Metadata-Version: 2.4
Name: datascreeniq
Version: 1.0.1
Summary: Real-time data quality screening API — PASS / WARN / BLOCK in under 10ms
Home-page: https://datascreeniq.com
Author: DataScreenIQ
Author-email: app@datascreeniq.com
License: MIT
Project-URL: Homepage, https://datascreeniq.com
Project-URL: Documentation, https://datascreeniq.com/docs
Project-URL: Source, https://github.com/datascreeniq/datascreeniq-python
Requires-Python: >=3.8
Description-Content-Type: text/markdown
Requires-Dist: requests>=2.28.0
Provides-Extra: pandas
Requires-Dist: pandas>=1.3.0; extra == "pandas"
Provides-Extra: excel
Requires-Dist: openpyxl>=3.0.0; extra == "excel"
Provides-Extra: all
Requires-Dist: pandas>=1.3.0; extra == "all"

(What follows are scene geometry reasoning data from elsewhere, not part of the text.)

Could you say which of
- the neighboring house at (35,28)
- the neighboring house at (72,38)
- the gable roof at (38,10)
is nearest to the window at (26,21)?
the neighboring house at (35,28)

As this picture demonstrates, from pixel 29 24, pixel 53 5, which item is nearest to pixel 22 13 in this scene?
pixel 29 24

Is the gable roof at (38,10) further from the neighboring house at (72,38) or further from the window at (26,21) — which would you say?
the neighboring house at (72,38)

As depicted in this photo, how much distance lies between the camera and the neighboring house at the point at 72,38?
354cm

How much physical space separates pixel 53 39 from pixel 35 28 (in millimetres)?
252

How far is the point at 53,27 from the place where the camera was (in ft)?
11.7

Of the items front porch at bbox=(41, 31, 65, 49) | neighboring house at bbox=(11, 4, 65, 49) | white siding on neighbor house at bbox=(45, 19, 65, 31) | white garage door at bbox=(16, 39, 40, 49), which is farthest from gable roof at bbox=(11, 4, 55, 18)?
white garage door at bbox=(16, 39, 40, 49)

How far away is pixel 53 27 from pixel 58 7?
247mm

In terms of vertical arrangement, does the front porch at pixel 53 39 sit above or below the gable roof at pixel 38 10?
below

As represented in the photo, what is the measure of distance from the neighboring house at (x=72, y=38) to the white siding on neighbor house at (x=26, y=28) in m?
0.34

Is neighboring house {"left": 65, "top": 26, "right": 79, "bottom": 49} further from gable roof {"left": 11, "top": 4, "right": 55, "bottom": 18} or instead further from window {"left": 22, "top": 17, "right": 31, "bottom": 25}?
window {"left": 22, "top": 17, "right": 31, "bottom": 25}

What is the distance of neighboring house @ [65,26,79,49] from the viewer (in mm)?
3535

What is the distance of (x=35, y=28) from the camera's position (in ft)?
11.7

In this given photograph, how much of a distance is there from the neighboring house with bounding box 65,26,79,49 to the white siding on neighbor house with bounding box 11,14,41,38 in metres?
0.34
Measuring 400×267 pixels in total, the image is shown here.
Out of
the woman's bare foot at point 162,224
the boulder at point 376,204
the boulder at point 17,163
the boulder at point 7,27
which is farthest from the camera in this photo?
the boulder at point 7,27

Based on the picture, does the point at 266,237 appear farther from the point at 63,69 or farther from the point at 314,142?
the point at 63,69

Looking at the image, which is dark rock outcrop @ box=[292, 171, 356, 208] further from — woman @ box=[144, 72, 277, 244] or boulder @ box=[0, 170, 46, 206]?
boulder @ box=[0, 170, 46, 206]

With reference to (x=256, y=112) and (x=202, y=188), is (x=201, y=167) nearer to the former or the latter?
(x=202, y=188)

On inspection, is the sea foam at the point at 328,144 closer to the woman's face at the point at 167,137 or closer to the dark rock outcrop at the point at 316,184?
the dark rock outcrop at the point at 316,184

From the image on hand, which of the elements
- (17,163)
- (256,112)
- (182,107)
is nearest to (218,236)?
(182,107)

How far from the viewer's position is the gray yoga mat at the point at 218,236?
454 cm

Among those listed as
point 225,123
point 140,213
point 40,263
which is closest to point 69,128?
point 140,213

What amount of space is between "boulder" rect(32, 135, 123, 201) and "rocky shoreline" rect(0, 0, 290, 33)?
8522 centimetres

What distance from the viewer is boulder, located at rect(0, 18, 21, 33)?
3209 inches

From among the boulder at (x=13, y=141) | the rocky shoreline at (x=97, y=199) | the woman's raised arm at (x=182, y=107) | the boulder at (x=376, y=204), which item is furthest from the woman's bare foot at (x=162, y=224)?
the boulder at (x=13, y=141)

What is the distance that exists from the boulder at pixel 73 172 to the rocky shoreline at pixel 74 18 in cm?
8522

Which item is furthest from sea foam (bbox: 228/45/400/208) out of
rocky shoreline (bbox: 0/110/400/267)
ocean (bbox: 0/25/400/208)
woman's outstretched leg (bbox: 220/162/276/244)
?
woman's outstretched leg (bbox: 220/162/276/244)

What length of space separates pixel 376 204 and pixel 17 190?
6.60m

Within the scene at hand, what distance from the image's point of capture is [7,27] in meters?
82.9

Requires-Dist: openpyxl>=3.0.0; extra == "all"
Dynamic: author
Dynamic: author-email
Dynamic: home-page
Dynamic: requires-python

# DataScreenIQ Python SDK

[![PyPI version](https://badge.fury.io/py/datascreeniq.svg)](https://pypi.org/project/datascreeniq/)

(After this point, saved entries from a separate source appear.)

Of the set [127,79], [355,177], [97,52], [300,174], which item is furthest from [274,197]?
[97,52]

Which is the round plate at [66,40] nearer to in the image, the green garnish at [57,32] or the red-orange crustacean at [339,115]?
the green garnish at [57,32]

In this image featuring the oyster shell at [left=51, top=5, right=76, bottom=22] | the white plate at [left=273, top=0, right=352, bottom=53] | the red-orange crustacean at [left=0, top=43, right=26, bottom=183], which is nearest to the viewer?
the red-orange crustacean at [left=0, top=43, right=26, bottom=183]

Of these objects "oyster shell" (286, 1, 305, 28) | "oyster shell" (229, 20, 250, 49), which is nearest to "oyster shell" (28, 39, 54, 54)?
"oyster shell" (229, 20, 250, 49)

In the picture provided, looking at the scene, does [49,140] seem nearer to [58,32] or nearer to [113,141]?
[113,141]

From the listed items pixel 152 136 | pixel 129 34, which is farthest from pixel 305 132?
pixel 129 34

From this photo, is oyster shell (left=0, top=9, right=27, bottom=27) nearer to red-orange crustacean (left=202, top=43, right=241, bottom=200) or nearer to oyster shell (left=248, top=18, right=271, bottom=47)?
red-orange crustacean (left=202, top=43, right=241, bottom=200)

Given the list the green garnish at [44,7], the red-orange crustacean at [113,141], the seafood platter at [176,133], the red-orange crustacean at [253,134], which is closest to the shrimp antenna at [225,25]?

[![Python 3.8+](https://img.shields.io/badge/python-3.8+-blue.svg)](https://python.org)
[![License: MIT](https://img.shields.io/badge/License-MIT-green.svg)](https://opensource.org/licenses/MIT)

Real-time data quality screening at the edge. Screen any data payload and get **PASS / WARN / BLOCK** in under 10ms.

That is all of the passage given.